### [Instructions for the task]
From top to bottom, print the listing word for word and skip any pictures it contains.

### [The data]

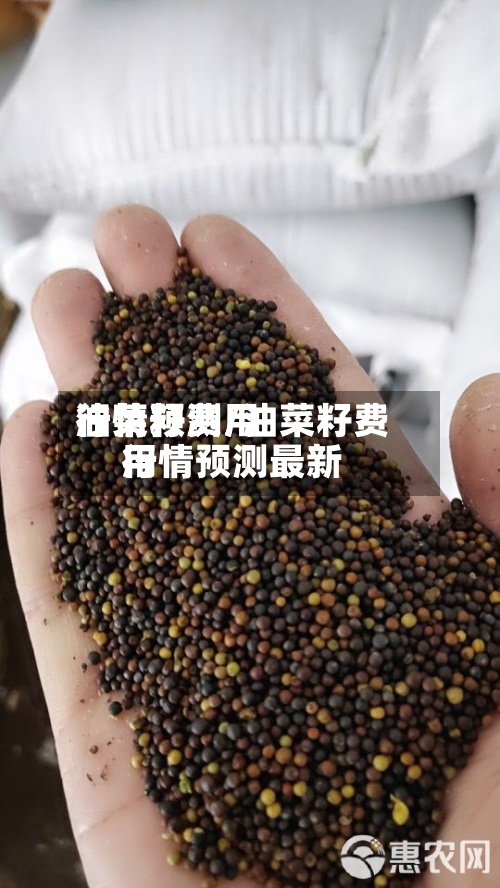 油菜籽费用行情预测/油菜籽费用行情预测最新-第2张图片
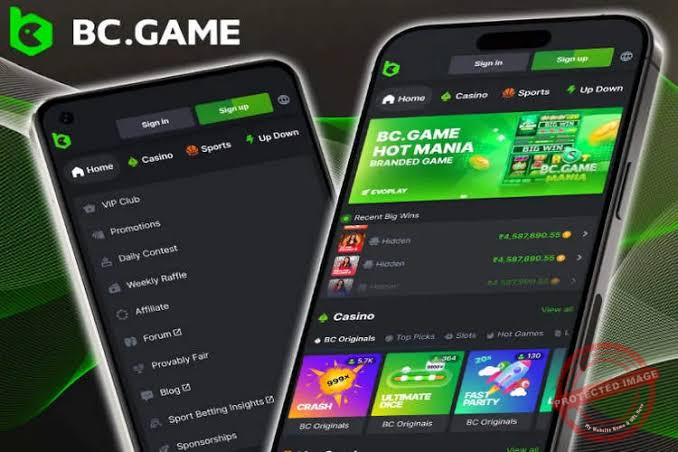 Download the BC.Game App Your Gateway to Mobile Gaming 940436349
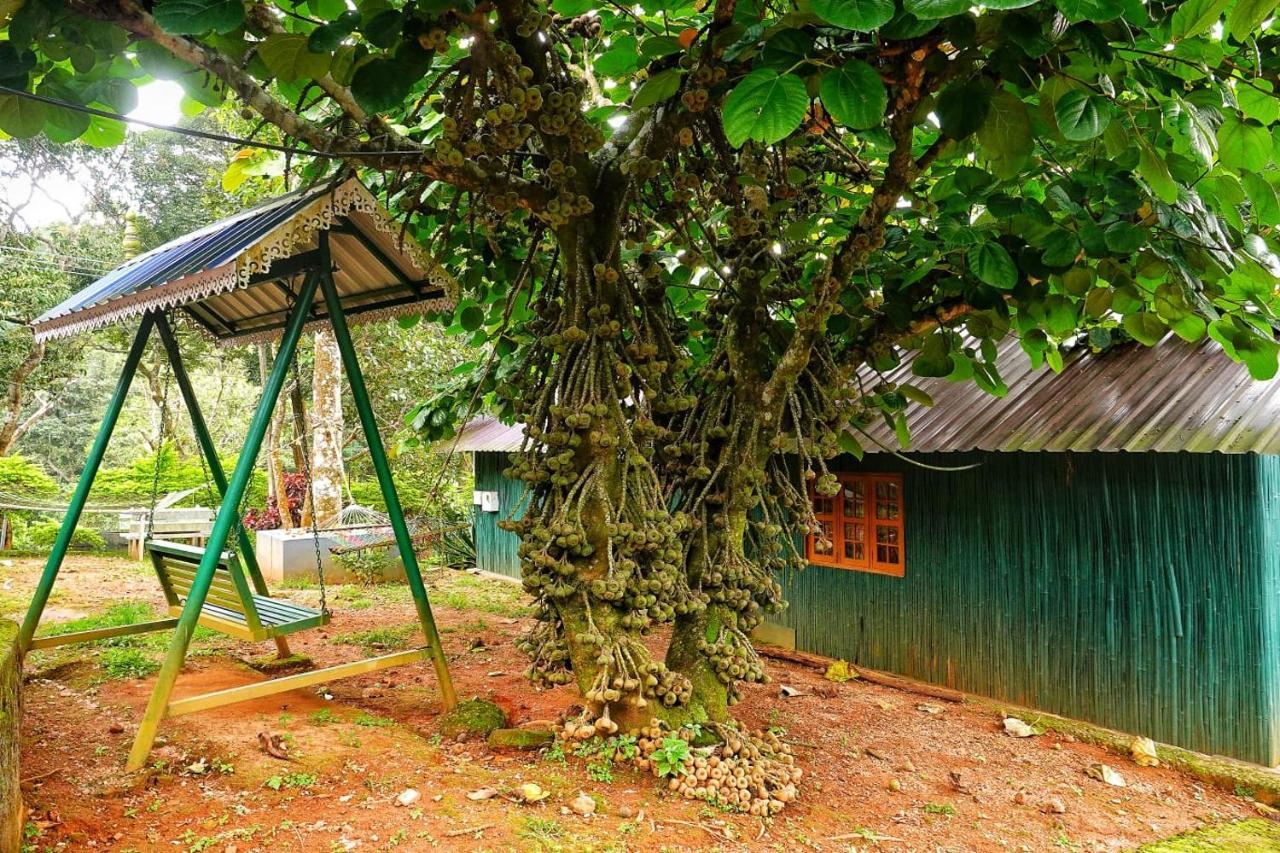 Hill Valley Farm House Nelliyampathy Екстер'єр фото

### [Response]
 油菜籽费用行情预测/油菜籽费用行情预测最新-第2张图片
 Download the BC.Game App Your Gateway to Mobile Gaming 940436349
 Hill Valley Farm House Nelliyampathy Екстер'єр фото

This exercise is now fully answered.